While even the greatest venture investors will attribute their success to luck, the consistency of returns amongst the top investors is evident. It’s not just luck when you’re an investor that is consistently investing in amazing companies at the earliest stages. While early success certainly makes it easier to win subsequent opportunities, I’m a fervent believer that there are better “pickers” than others — those who can develop independent conviction in opportunities that are non-consensus. Finding opportunity where others don’t see it requires more than a crystal ball — it requires work! As I witness the best investors in the VC asset class, they put in this work to consistently see greatness where others don’t. Yes, they win consensus “hot” deals as well, but even those opportunities require them to develop a premium on their conviction. Developing that type of conviction requires a way to structure thoughts despite incredibly unstructured data — that’s done through mental models.
Kenneth Craik proposed the concept that individuals use “mental models” to “anticipate events, reason, and form explanations”, but it was Charlie Munger who popularized their application in the investing world, implying that he used a latticework of different mental models — essentially an integrated system of different mental models — to inform his investment perspectives. While value investing and venture investing are different disciplines, the best venture investors of the last decade all have their constructs for evaluating investment opportunities — some of which are based on popularized emerging concepts like the power of network effects and others of which were likely home grown.
While process can inhibit some, I’ve personally found that as these mental models work together more synchronously, I move faster in my decisions, develop conviction more independently and, broadly speaking, make far better decisions. These models have empowered my thinking by making me far more focused on asking the “right questions,” rather than attempting to get every last piece of information. Our team shares many mental models with each other (we’ve published our open sourced our voting form), but each investor on our team possesses their own latticework of models (each as unique as a snowflake) and will contribute new mental models that influence our collective decision making prowess. We’ve written about some of these mental models (including building capabilities, measuring moats, and the disruptive potential of platform conglomerates) and will share further as they evolve.
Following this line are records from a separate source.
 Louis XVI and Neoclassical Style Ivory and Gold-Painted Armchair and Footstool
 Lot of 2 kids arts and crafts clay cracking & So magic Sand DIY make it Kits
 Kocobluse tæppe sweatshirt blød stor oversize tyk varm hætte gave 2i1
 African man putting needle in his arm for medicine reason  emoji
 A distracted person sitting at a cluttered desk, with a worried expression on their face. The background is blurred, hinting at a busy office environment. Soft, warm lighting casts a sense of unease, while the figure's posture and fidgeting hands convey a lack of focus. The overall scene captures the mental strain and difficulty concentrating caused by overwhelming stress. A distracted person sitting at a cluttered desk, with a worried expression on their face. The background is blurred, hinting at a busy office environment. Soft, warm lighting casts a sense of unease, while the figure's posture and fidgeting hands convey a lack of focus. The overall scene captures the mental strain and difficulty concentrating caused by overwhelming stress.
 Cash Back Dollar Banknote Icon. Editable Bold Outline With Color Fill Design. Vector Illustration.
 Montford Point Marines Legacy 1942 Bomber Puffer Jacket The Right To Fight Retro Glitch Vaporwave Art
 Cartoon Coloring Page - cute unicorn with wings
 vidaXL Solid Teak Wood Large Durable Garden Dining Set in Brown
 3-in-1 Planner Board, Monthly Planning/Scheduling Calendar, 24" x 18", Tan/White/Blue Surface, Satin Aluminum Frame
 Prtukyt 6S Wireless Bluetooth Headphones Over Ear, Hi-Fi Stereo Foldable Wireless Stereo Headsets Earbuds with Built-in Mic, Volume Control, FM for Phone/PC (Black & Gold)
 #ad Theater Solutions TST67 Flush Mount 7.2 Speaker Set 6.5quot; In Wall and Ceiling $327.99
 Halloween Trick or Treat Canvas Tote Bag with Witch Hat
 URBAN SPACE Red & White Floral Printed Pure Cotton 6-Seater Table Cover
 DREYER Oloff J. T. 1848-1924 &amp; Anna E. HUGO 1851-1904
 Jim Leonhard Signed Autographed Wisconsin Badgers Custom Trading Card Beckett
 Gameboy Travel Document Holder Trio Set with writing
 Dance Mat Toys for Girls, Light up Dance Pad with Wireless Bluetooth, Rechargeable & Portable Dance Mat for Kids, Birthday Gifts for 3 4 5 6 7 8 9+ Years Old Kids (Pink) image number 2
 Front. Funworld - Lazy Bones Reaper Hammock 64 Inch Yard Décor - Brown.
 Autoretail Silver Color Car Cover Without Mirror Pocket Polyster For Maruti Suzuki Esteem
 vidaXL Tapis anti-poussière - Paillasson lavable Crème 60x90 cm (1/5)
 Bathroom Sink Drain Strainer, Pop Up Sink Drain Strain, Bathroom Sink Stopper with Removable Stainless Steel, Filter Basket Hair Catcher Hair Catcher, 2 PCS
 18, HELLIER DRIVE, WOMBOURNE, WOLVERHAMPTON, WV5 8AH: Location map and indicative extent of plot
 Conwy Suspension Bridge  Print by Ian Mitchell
The beauty of these models working together is that it creates an approach that is wholly original to YOU — anyone can leverage content readily/publicly available to everyone and the combination, integration and weighting of these models in any given decision will always be unique to the individual. While I’m not particularly smart, studying the mental models of more seasoned and successful investors has been the single most influential factor in my professional growth as an investor. I didn’t have the opportunity to learn under the wings of Charlie Munger, Michael Porter, Bruce Greenwald, Michael Mauboussin, Bill Gurley, Roger Ehrenberg or Fred Wilson, but thanks to what they’ve written and what others have written about them, I’ve been able to develop my own latticework of mental models based on their work. As I get deeper into my learnings, I feel the influence of the models in every investment decision I make — in many ways, it feels like they are around the table of our partner meetings (wouldn’t that be a sight!). You don’t need an MBA to learn these lessons, all you need is a library card and a laptop. Knowledge is power and these insider lessons are more available than they’ve ever been, making the playing field a lot more open for all of us.
While the venture environment is as wild as it ever has been (and that’s likely to persist), I’m not one to leave the fate of our dollars and our companies to throwing darts at a board. Learning from these models is my best bet for creating structure out of the insanity to develop independent conviction, rather than just chasing the same shiny objects as the herd. Plenty of our fate will be left to chance, but I believe these models are our firm’s best bet to roll the dice favorably, rather than letting the dice roll us.